TASK INSTRUCTIONS —
Only one stretch of the data below is needed. Output the lines from the one with "Platinum Vintage Inspired" up to and including the one with "Wildfire Management Specialist", exactly as they stand.

RECORD SET —

****************************************

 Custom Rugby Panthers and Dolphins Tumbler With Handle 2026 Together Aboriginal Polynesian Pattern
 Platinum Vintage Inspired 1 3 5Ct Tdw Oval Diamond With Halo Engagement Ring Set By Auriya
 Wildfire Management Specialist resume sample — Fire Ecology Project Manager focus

****************************************

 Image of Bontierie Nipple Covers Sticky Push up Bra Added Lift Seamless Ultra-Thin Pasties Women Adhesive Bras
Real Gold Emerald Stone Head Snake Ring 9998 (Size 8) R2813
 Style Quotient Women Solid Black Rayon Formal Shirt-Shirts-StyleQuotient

****************************************

TASK ANSWER —
 Platinum Vintage Inspired 1 3 5Ct Tdw Oval Diamond With Halo Engagement Ring Set By Auriya
 Wildfire Management Specialist resume sample — Fire Ecology Project Manager focus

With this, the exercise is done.